I recently completed a condition report on an extensively fire- and water-damaged book believed to be a diary of the legendary Gulf Coast pirate Jean Lafitte. There are many layers of complexity to this item, whose authenticity has long been questioned. Its condition is poor; its maker’s identity is unclear; it has unexplained structural features that could indicate alteration; and its subject was himself a near-mythical figure whose life story is difficult to pin down. Discussing this item in full is beyond the scope of a single blog entry; it was nearly beyond the scope of a lengthy condition report! However, I would like to address one intriguing issue that demonstrates how the information in books goes beyond the written word and into the physical artifact.
First, to dispel the romantic notions that inevitably arise regarding a pirate diary, physical evidence suggests that this volume incurred much of its damage during a 1960s-era house fire, rather than a daring rescue from a sinking ship. Water damage frequently accompanies fire damage due to efforts to extinguish the flames. Tidelines and cockling typical of a water event appear throughout the volume. However, a stranger phenomenon is observed in the writing, as the brownish-black ink shifts to unexpected purple and red colors.
As would be expected for this time period (1845 – 1850,) chemical tests confirm that the ink in this volume is iron gall. However, iron gall ink does not typically display these color shifts, which indicate that some kind of water-soluble or pH-sensitive dye was added to the ink mixture. I began to wonder if this added dye could help us address some of the item’s authenticity issues.
Feasible dyes for the time period might have included traditional, organic materials like brazilwood or cochineal. But in 1856, a major change occurred in the dye industry: William Perkin invented mauve, the first synthetic chemical dye. Aniline dyes like mauve were relatively easy to make in bulk, and they became extremely popular in the second half of the 19th century.

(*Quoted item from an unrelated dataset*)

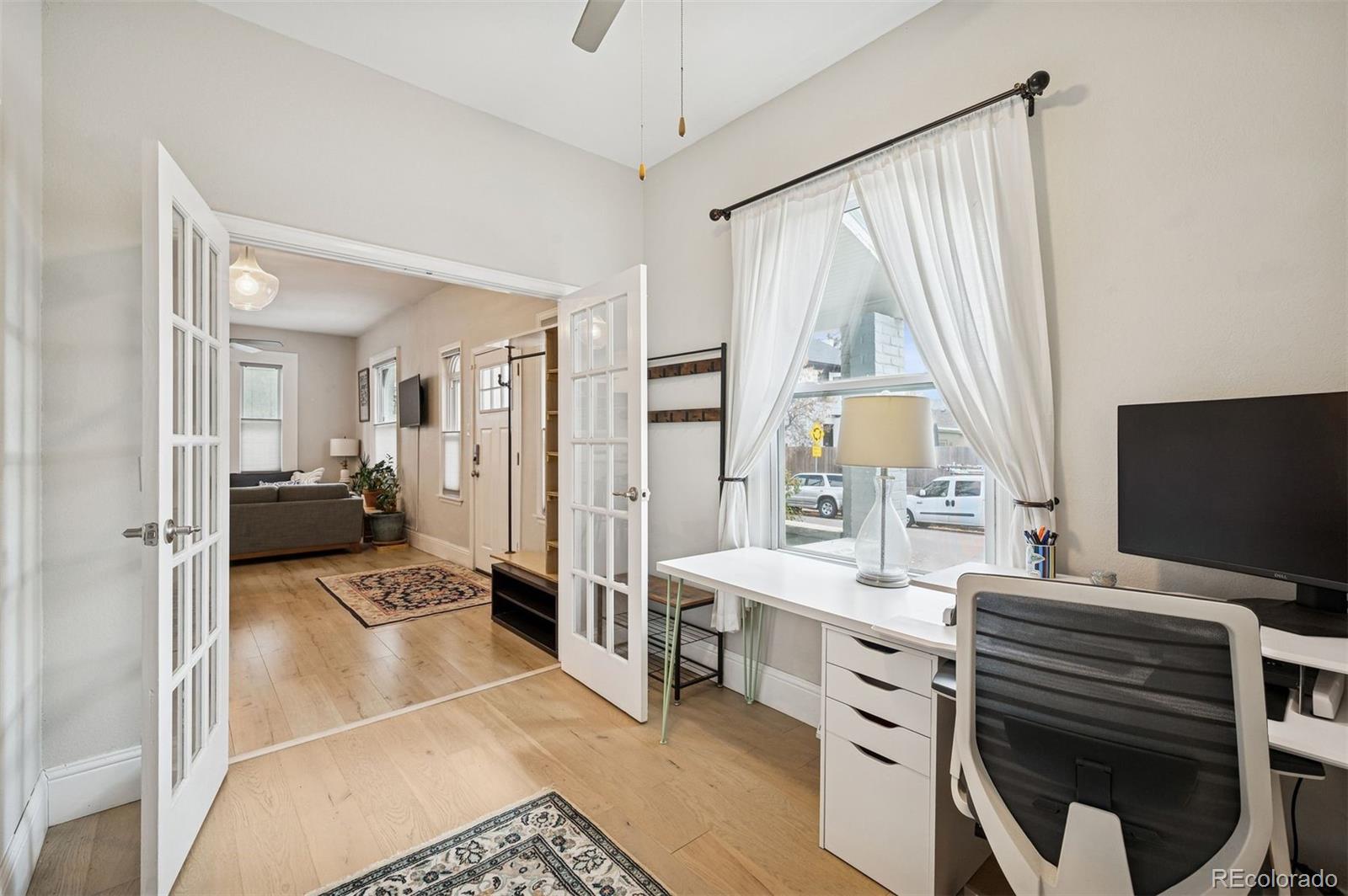 2109 West 41st Avenue Denver, CO 80211 - Photo 20 of 33 a bedroom with furniture and a flat screen tv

Mauve is a lavender color not entirely dissimilar from the color shifts observed in the ink in the Lafitte Diary. If the Lafitte ink tested positive for aniline dye, then we could safely say that the ink was made after the dates attributed to the diary, which might help settle the authenticity debate once and for all. But there’s a catch: after research and consultation with colleagues, I can’t identify a test for aniline dye!
Should any readers be familiar with such a test, please do pass it along! And in the meantime, remember that books, as physical artifacts, carry significant information that goes beyond the written word, and that cannot be captured in a digital transfer. Perhaps one day we’ll find the physical clue that helps us understand the true nature of the complicated Lafitte Diary.